#### MATERIAL PROVIDED
<<<<

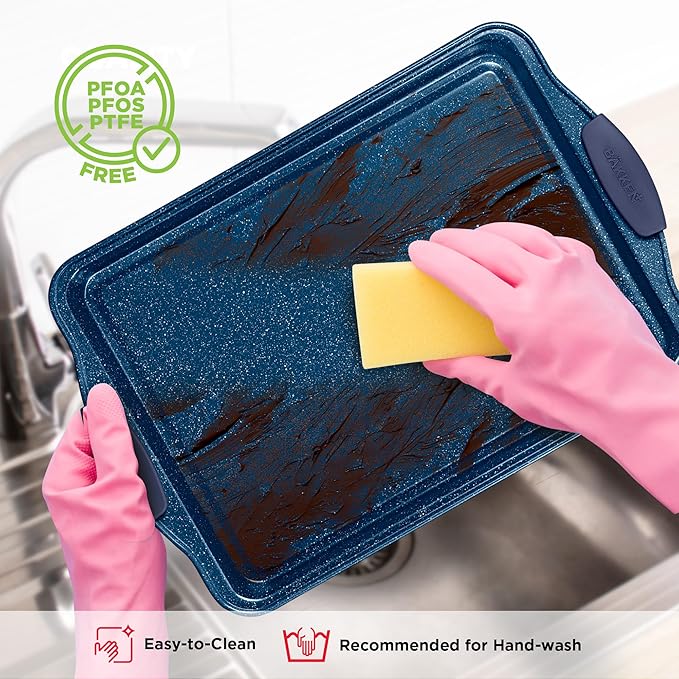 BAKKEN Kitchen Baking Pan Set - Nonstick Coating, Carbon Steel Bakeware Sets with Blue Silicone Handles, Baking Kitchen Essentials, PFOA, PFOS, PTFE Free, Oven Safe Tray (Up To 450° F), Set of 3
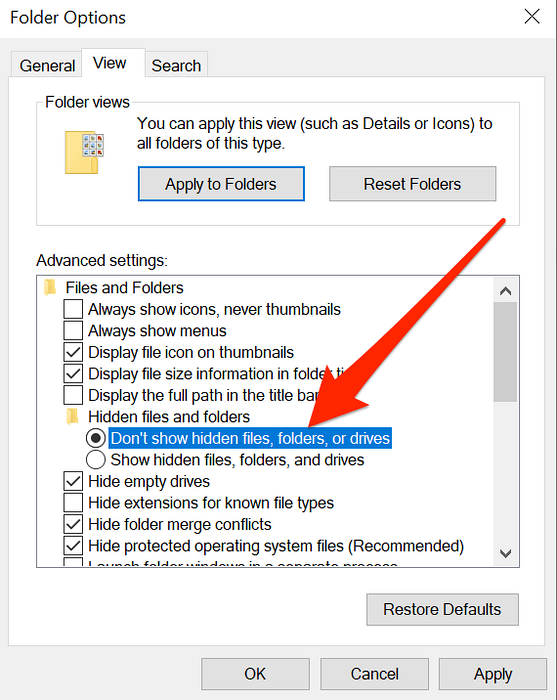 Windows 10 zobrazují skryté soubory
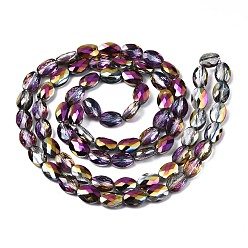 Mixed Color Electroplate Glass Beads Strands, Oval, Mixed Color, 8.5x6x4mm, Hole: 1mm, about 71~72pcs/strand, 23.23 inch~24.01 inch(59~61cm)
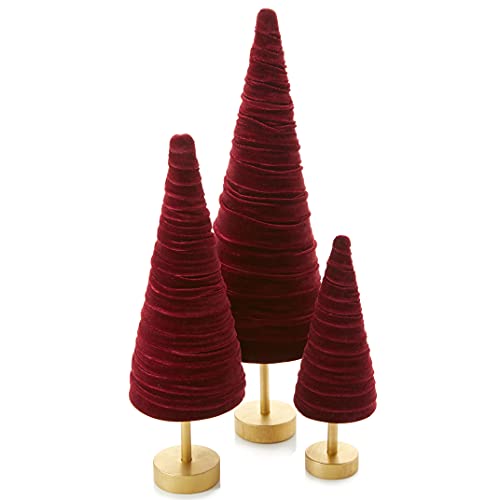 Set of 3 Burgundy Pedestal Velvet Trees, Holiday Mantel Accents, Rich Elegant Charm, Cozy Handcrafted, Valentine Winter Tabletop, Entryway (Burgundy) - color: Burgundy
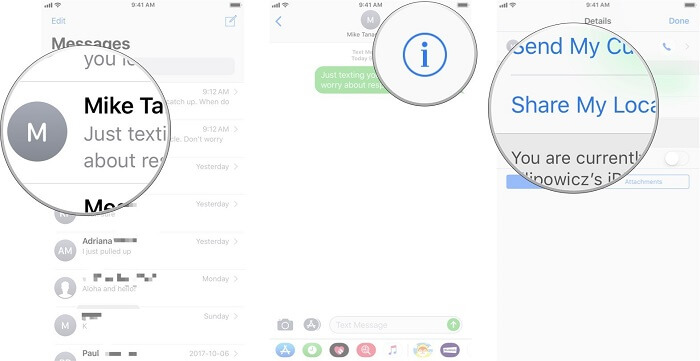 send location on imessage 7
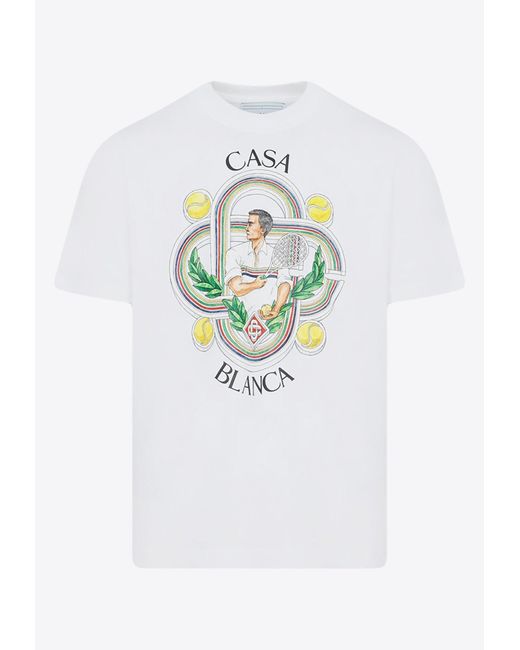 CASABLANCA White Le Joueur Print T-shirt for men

>>>>

#### PROBLEM TO WORK ON
The answer must be an exact copy of the entries, with the pictures omitted.

#### SOLUTION TO THE PROBLEM
 BAKKEN Kitchen Baking Pan Set - Nonstick Coating, Carbon Steel Bakeware Sets with Blue Silicone Handles, Baking Kitchen Essentials, PFOA, PFOS, PTFE Free, Oven Safe Tray (Up To 450° F), Set of 3
 Windows 10 zobrazují skryté soubory
 Mixed Color Electroplate Glass Beads Strands, Oval, Mixed Color, 8.5x6x4mm, Hole: 1mm, about 71~72pcs/strand, 23.23 inch~24.01 inch(59~61cm)
 Set of 3 Burgundy Pedestal Velvet Trees, Holiday Mantel Accents, Rich Elegant Charm, Cozy Handcrafted, Valentine Winter Tabletop, Entryway (Burgundy) - color: Burgundy
 send location on imessage 7
 CASABLANCA White Le Joueur Print T-shirt for men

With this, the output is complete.